St. Paul takes us to the opening chapters of the Bible. Human beings, made in the Image of God, were created to be in union with God in a Paradise of Delights. We were blessed to partake of all that God had made save one tree, the Tree of the Knowledge of Good and Evil.

Now God is not anti-knowledge. He is the one who made us both rational and spiritual. So what is the wrong in eating of the Tree of the Knowledge of Good and Evil, a knowledge which the serpent said truly would make Adam and Eve like God?

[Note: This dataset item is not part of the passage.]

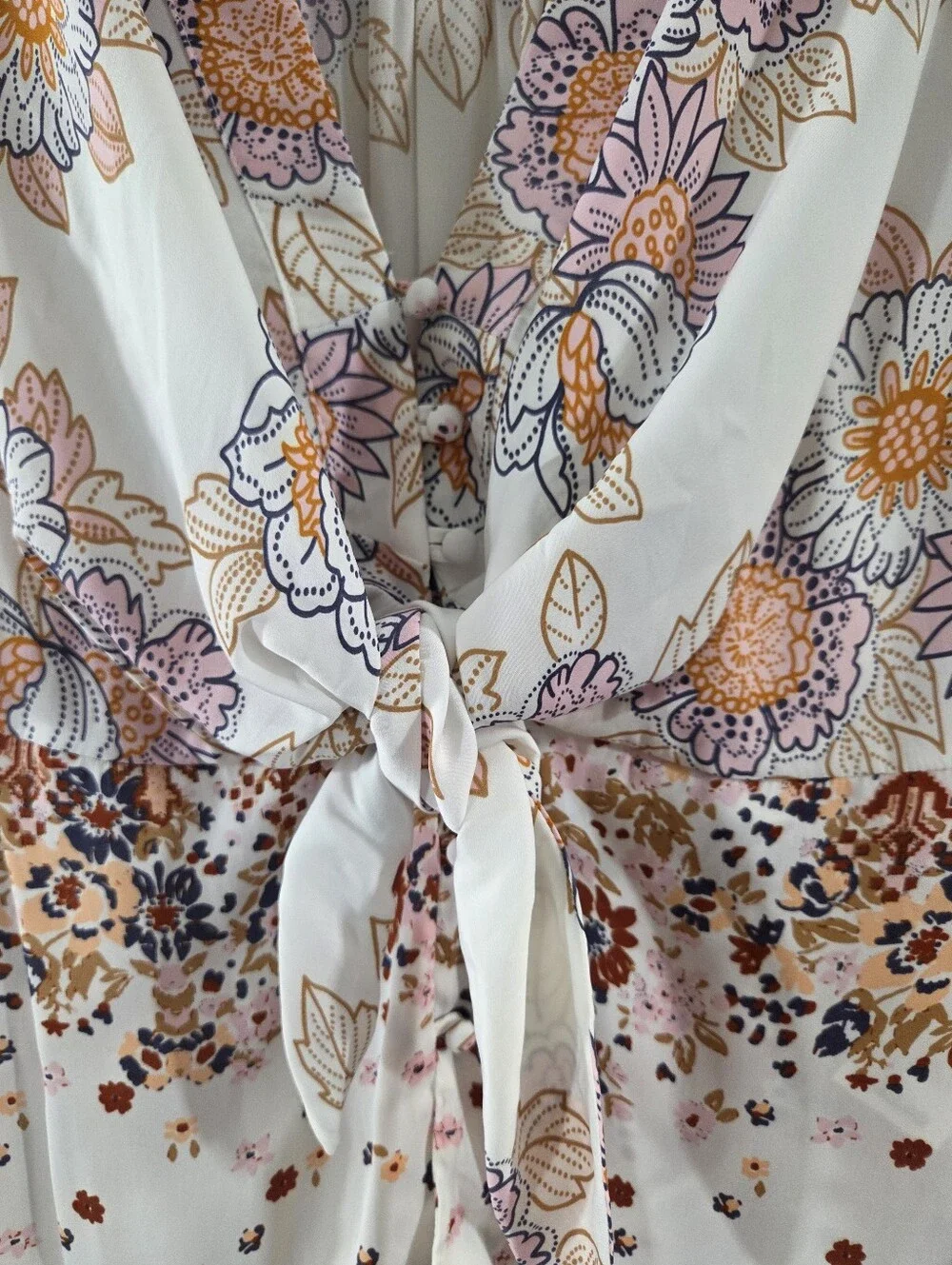 FREE PEOPLE Run Free Boho Mixed Floral Print Tie Front Long Sleeve Tunic Blouse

This tree was a tree of discernment between good and evil, of right and wrong, in short, it was a Tree of Wisdom.

And our First Parents were destined to eat of that Tree according to the Church Fathers. But they had to pass the moral test of obedience to God first so that they could handle such a faculty maturely.

They did not obey, they fell. And God’s wisdom in prohibiting the Tree is seen in our lives every day. We are all born into the dysfunctional human family, we all struggle with making choices between good and evil in a fallen state that is cut off from Goodness Himself.

But, even though we were sinners, even though we had become enemies of God, God sent a second Adam to head our race in Jesus Christ.

As seen in the opening chapters of Genesis, God’s intention was that we should “be at play in the fields of the Lord”. St. Irenaeus said that “the glory of God is a man fully alive”. A way of being only possible in a communion of love with God and one another.

St. Paul tells us that the way back to the Garden is opened again. That although all of us have followed the first Adam into a reality that is partially marred by dystopia and dysfunction, any who wish may return with the second Adam back into fellowship with God in a Garden of Delight.